ETL Pipeline

ETL is an acronym for Extract, Transform and Load used for extraction of data from a source, its transformation, and then loading into target database/ data warehouse.

During Extraction, data is extracted from several heterogeneous sources. For example, business systems, applications, sensors, and databanks. The next stage involves data transformation in which raw data is converted into a format that can be used by various applications.

Apache Airflow

The Airflow platform is a tool for describing, executing, and monitoring workflows. Airflow was started in October 2014 by Maxime Beauchemin at Airbnb. It was open source from the very first commit and officially brought under the Airbnb GitHub and announced in June 2015.

Tasks can be scheduled together using time-based scheduler like Cron. If one task complete, another task runs immediately, if the task fails the task graph UI shows the status and sends email notification.

Airflow is an open source project. It ships with a Flask app that tracks all the defined workflows, and let’s you easily change, start, or stop them. You can also work with the command line, but the web interface is more intuitive. All the configurations in Airflow is written in Python.

Concepts

Below are some of the concepts required to understand and run Airflow.

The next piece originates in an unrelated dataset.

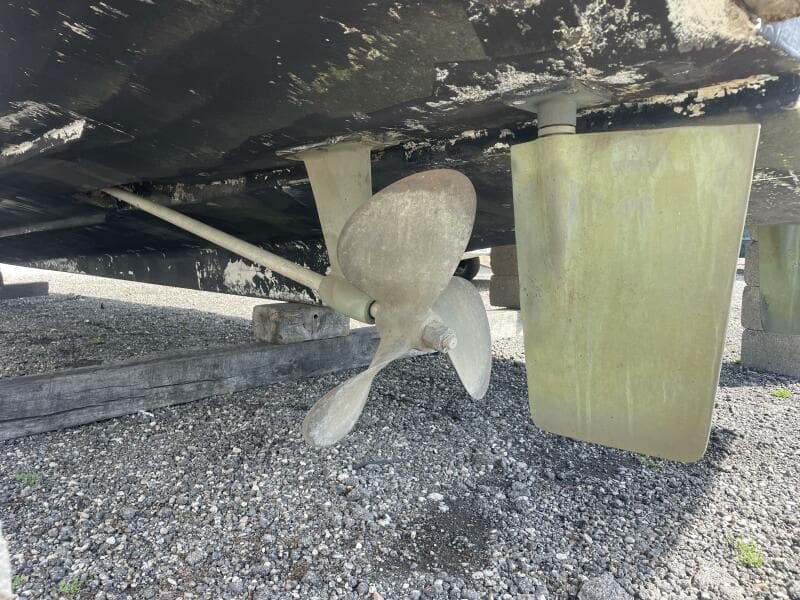 1989 Silverton 37 Convertible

Directed Acyclic Graphs (DAGs)

A DAG is defined in a Python script, which represents the tasks and their dependencies as code. Asimple DAG could consist of three tasks: A, B, and C. It could say that A has to run successfully before B can run, but C can run anytime. It could say that task A times out after 5 minutes, and B can be restarted up to 5 times in case it fails. It might also say that the workflow will run every night at 10pm, but shouldn’t start until a certain date.

When searching for DAGs, Airflow only considers python files that contain the strings “airflow” and “DAG” by default.